When Matt and I drafted our report on the BERL study, we sent it on to BERL for comment. Reverse engineering anything like this can't be done perfectly, and we didn't have access to their underlying workings, so we were looking for any bits where we misunderstood what BERL was doing. The only reply we received was that they didn't have time to look at it. So, we released it. Wednesday night, I had the chance to chat with Adrian Slack, the study's main author. He pointed out lots of areas of disagreement. On some of these, like that someone going to a company-sponsored Christmas party imposes an externality on his employer if he shows up at work hung over the next day, we're not going to agree.
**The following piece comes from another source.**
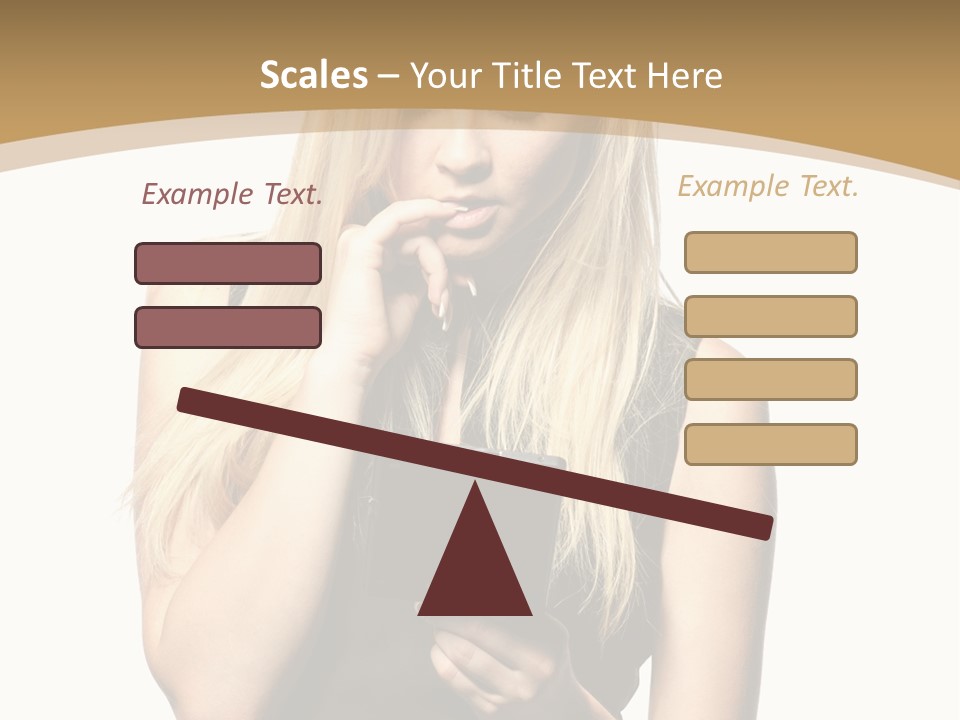 Skin Human Young PowerPoint Template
But, on two points, I think he was right. And so I sent him an email Sunday (or, rather, Matt did as I haven't his email address) telling him so and showing the effect on the final figures. Here are the two corrections.

First, we misinterpreted Rayner on excess unemployment. But, correcting it adds almost nothing to our overall costs. Rayner argues that about 5.15% (he uses measures for prevalence rates of 4.3% and 6%) of the working age population suffers reduced employment rates due to alcohol use. The 2004 working age population was 3,094,400. The employment rate in 2004 was 63%. So, the employment rate among 159,362 individuals was ten percentage points lower, for a workforce reduction of 15,936 individuals. BERL argued for reduced employment of 31,100 workers; we apply Rayner and get about 16,000 (our first estimate was 9,200). BERL gave a cost measure of $877.5 million. Of that, $469.25 was forgone earnings and the rest was multiplier. So, to adjust BERL's figure, we just apply the fraction [15,936/31100] to their measure of forgone earnings, [update: and make a minor adjustment for cohort heterogeneity] then inflate by our preferred 1.1 multiplier rather than their preferred 1.87 multiplier. Our costs on this measure then are $192 million in private costs and $19 million in external costs (where we'd previously said $11.1 million in external costs). So, we increase our policy-relevant costs measure by about $8 million.
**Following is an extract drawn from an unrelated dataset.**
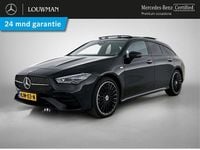 Occasion Mercedes CLA250e AMG line Plus 218 PK (160 kW) 2025 Donker nachtzwart metallic Sedan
There's one other bit worth noting in Rayner, that BERL chose to ignore: Rayner says that applying the full wage costs is the upper bound, not the lower bound. Here's Rayner:
At one extreme, the economy is assumed to be at full employment, in the sense of output being subjected to a labour constraint. In this case, the loss of a person from the workforce means that the total output is reduced by the value of his/her marginal productivity, which will equal his/her gross wage if employers are profit maximizers.

The opposite extreme sees unemployment in the economy caused by demand constraint. The loss of a worker now has little output implications, since he/she can be replaced by another from those unemployed, at the cost of only a small initial retraining.
Rayner goes on to remind the reader that his use of the first assumption is an upper-bound estimate. So adding a 1.87 multiplier would be inappropriate, and so too is our 1.1 multiplier.
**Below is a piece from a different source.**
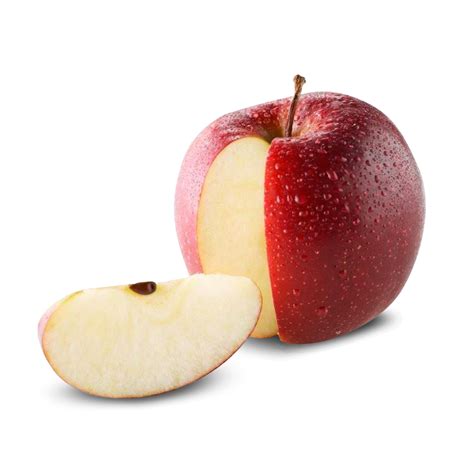 Apple Slice PNG Transparent Picture - PNG Mart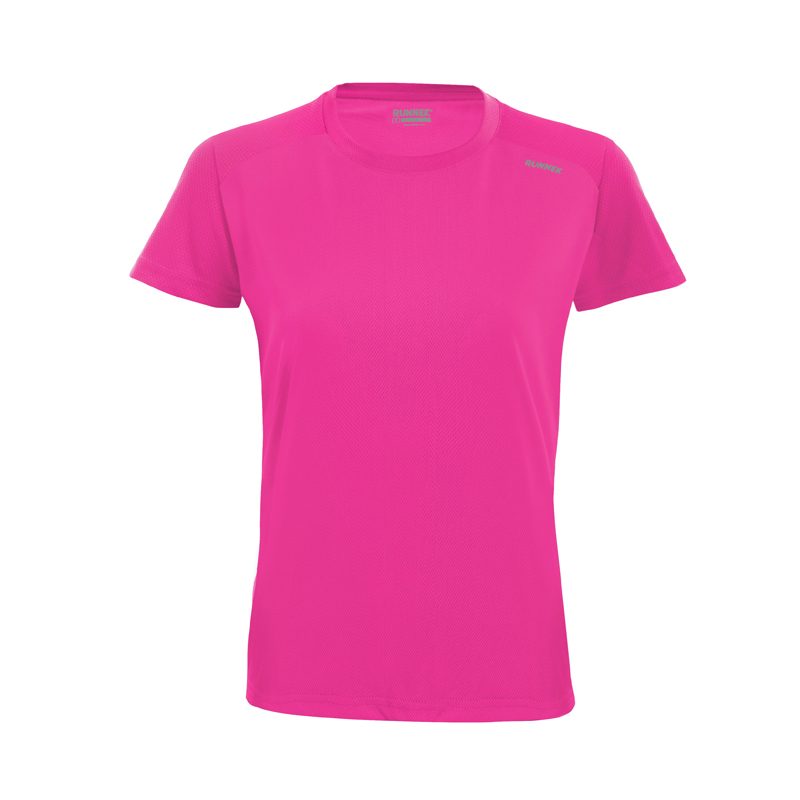 Maillot technique runnek code fuchsia femme face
Second, we misread BERL on insurance overheads. It makes sense to see those as sitting alongside paid out claims on the right hand side of an equation where total paid premia are on the left hand side. But working to correct this gives us a number at substantial variance to BERL's. BERL lists insurance administration costs of $132.2 million. At page 123, BERL argues that alcohol-attributed car crashes cost $45 million in 2005/6; since car crashes make up a majority of all insurance claims, they then attribute half of all overhead costs to alcohol. Let's look to their claimed source, the Insurance Council of New Zealand. In 2006, total claims incurred were $1,609,672,399; business costs (overhead) were $762,889,565. Total "motor commercial and private" claims were $739,416,181. BERL says alcohol-attributed car crashes cost $45 million. This is 2.8% of all paid claims. 2.8% of total overhead costs is $21.3 million. If we add in property damage, we get a proportionate share of insurance administration of $28.3 million. I'm not sure how BERL arrived at its estimate of $132.2 million. We adjust upwards our cost measure from $0 to $28.3 million. I'll apportion all of this as being external assuming that insurance cannot adequately price for risk type on this margin; this is an upper bound assumption. If drunks have to pay more for car insurance, attenuate downwards our measure accordingly (or rather split some off into private costs).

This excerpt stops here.